**DESCRIPTION OF THE TASK**
The data must be copied over exactly and in full.
++++ DATA SUPPLIED
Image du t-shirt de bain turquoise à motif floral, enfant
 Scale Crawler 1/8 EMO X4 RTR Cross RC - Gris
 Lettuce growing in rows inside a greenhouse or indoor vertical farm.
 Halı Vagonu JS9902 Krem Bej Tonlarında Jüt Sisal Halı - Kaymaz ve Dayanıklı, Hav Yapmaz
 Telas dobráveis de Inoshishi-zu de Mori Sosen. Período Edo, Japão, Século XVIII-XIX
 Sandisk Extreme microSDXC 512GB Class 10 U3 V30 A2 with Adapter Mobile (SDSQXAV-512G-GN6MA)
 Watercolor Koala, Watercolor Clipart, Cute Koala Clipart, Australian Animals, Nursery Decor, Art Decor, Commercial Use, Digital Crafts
++++++++
**RESPONSE TO THIS EXERCISE**
Image du t-shirt de bain turquoise à motif floral, enfant
 Scale Crawler 1/8 EMO X4 RTR Cross RC - Gris
 Lettuce growing in rows inside a greenhouse or indoor vertical farm.
 Halı Vagonu JS9902 Krem Bej Tonlarında Jüt Sisal Halı - Kaymaz ve Dayanıklı, Hav Yapmaz
 Telas dobráveis de Inoshishi-zu de Mori Sosen. Período Edo, Japão, Século XVIII-XIX
 Sandisk Extreme microSDXC 512GB Class 10 U3 V30 A2 with Adapter Mobile (SDSQXAV-512G-GN6MA)
 Watercolor Koala, Watercolor Clipart, Cute Koala Clipart, Australian Animals, Nursery Decor, Art Decor, Commercial Use, Digital Crafts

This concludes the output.